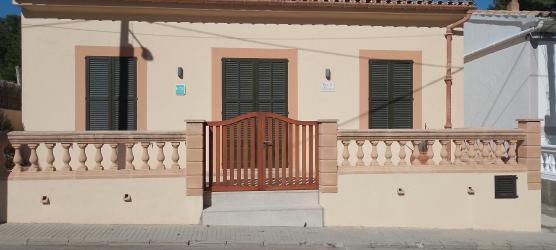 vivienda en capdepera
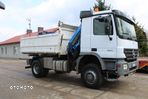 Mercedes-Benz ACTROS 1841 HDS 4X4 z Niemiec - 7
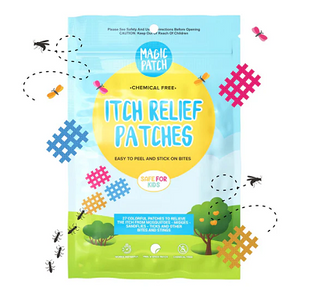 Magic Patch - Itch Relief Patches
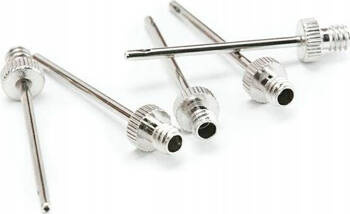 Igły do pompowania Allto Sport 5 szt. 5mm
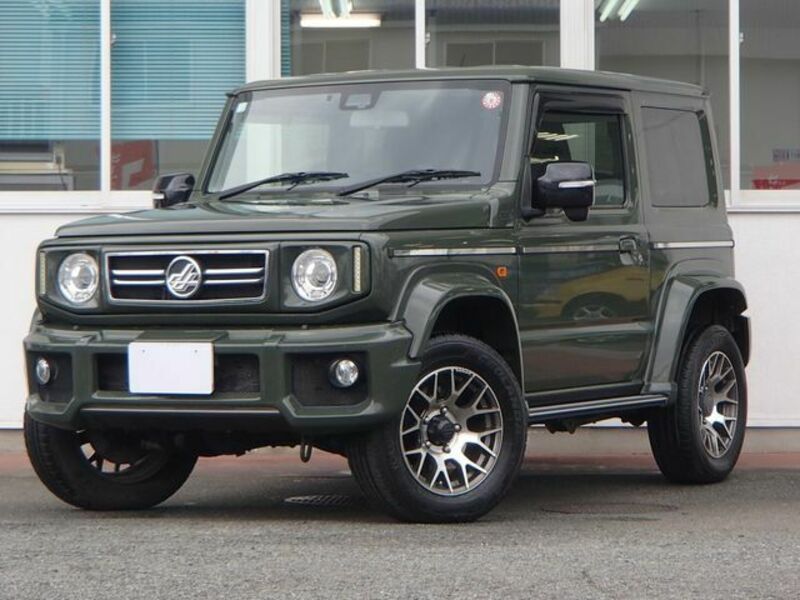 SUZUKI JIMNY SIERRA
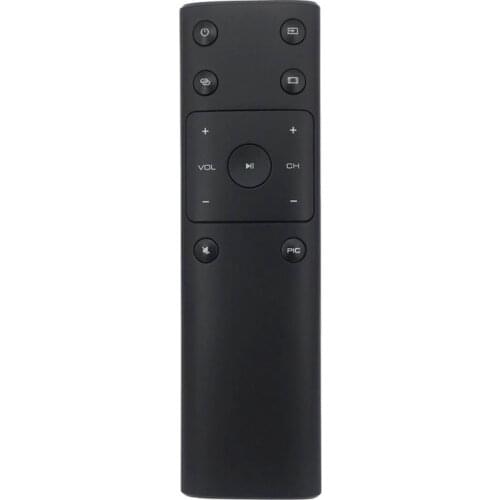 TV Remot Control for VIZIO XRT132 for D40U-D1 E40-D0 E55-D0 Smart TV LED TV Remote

AIM OF THE EXERCISE
Exactly the lines from the one that contains "Magic Patch - Itch Relief Patches" through the last line of the records should be set down, and the pictures should be dropped.

SOLUTION BELOW
 Magic Patch - Itch Relief Patches
 Igły do pompowania Allto Sport 5 szt. 5mm
 SUZUKI JIMNY SIERRA
 TV Remot Control for VIZIO XRT132 for D40U-D1 E40-D0 E55-D0 Smart TV LED TV Remote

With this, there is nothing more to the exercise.